====== Information shown

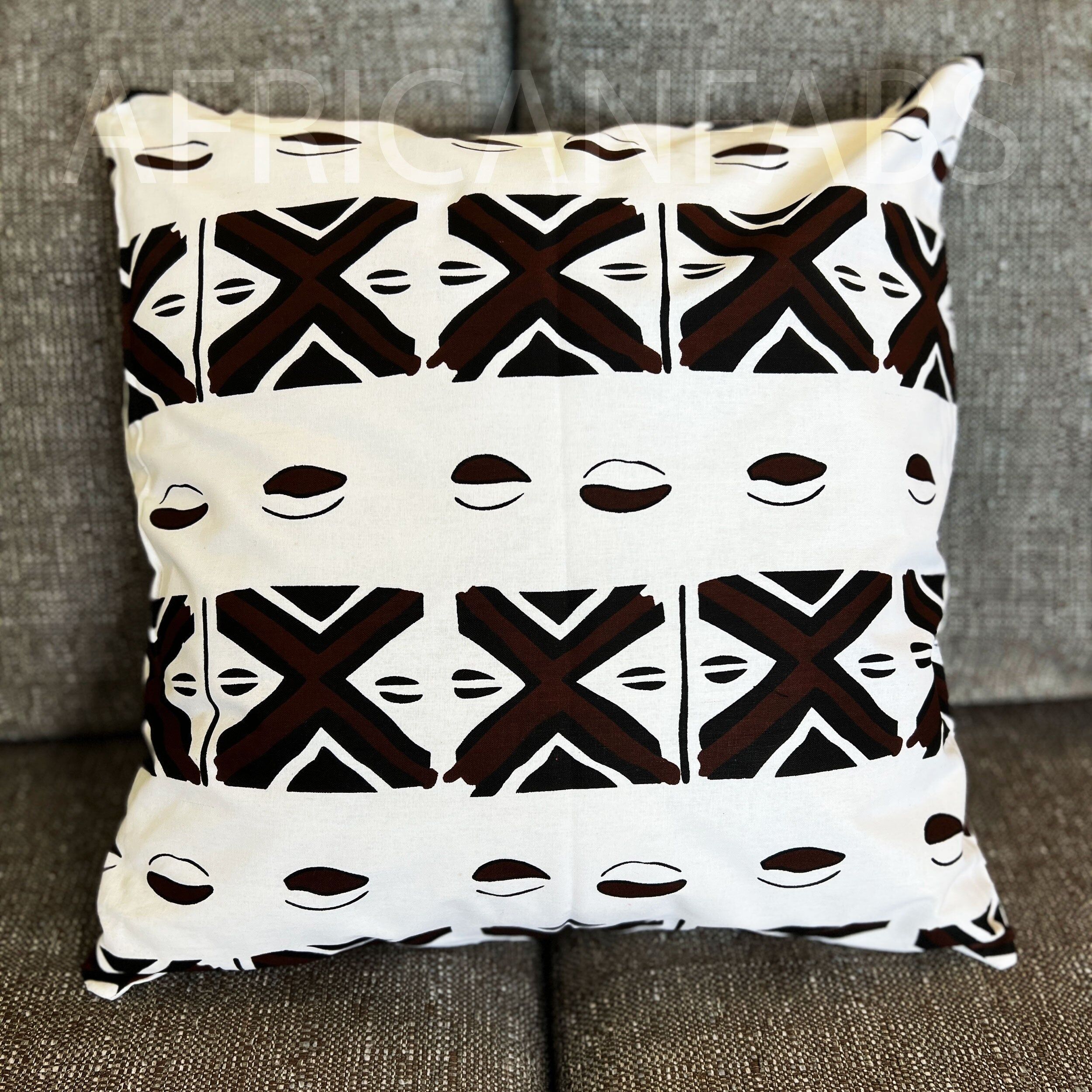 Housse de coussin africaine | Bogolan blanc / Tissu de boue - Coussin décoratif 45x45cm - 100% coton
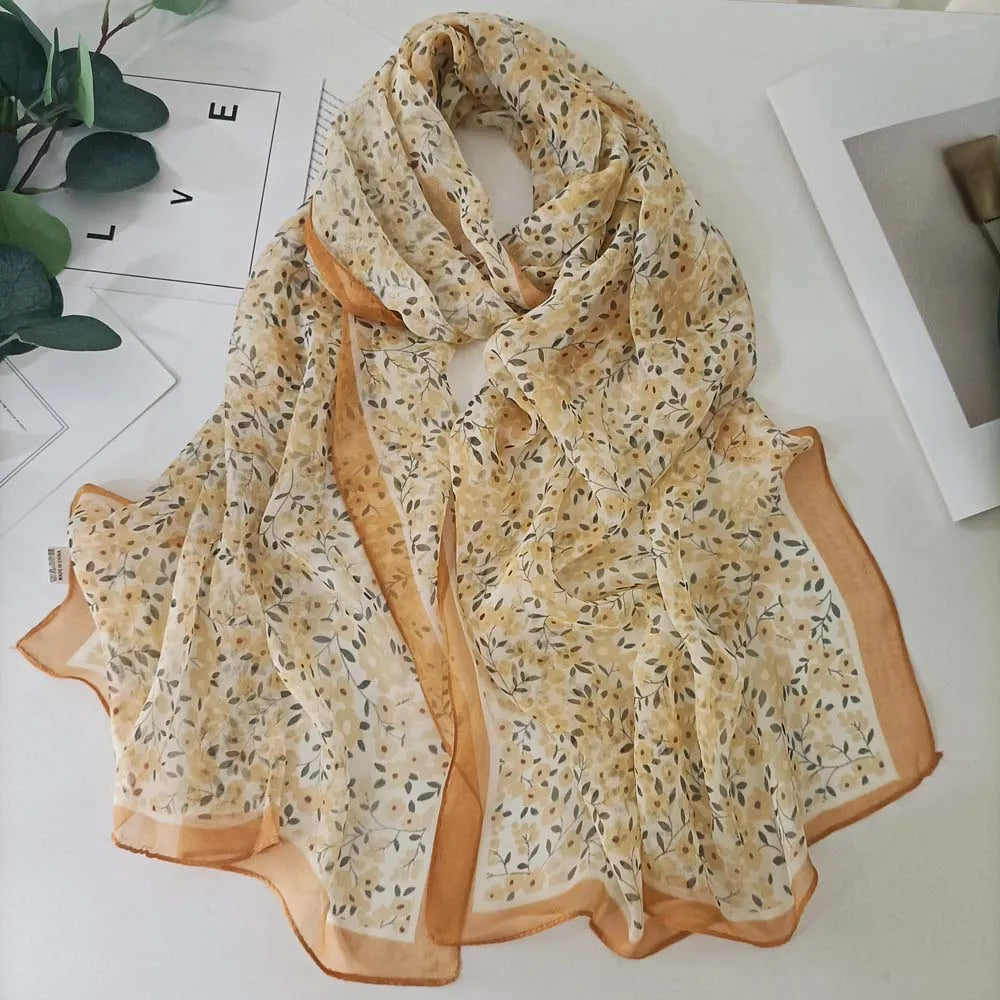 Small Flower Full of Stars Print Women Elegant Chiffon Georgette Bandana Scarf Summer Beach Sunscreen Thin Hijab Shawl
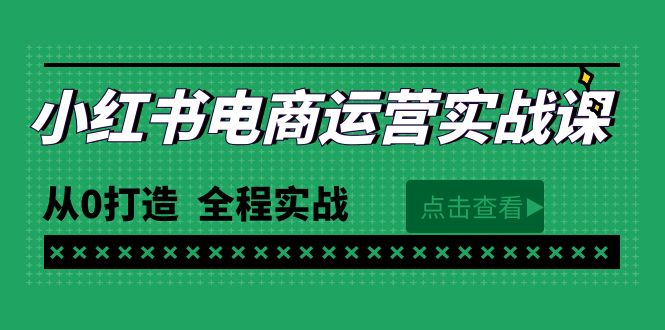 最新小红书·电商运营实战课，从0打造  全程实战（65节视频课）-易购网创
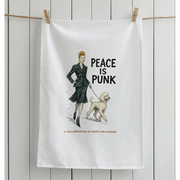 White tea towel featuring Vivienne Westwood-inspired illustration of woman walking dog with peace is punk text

============

Work task:
I would like you to set down the lines above, from the one containing "Small Flower Full" to the final line, exactly as written and without pictures.

Result for this exercise:
 Small Flower Full of Stars Print Women Elegant Chiffon Georgette Bandana Scarf Summer Beach Sunscreen Thin Hijab Shawl
 最新小红书·电商运营实战课，从0打造  全程实战（65节视频课）-易购网创
 White tea towel featuring Vivienne Westwood-inspired illustration of woman walking dog with peace is punk text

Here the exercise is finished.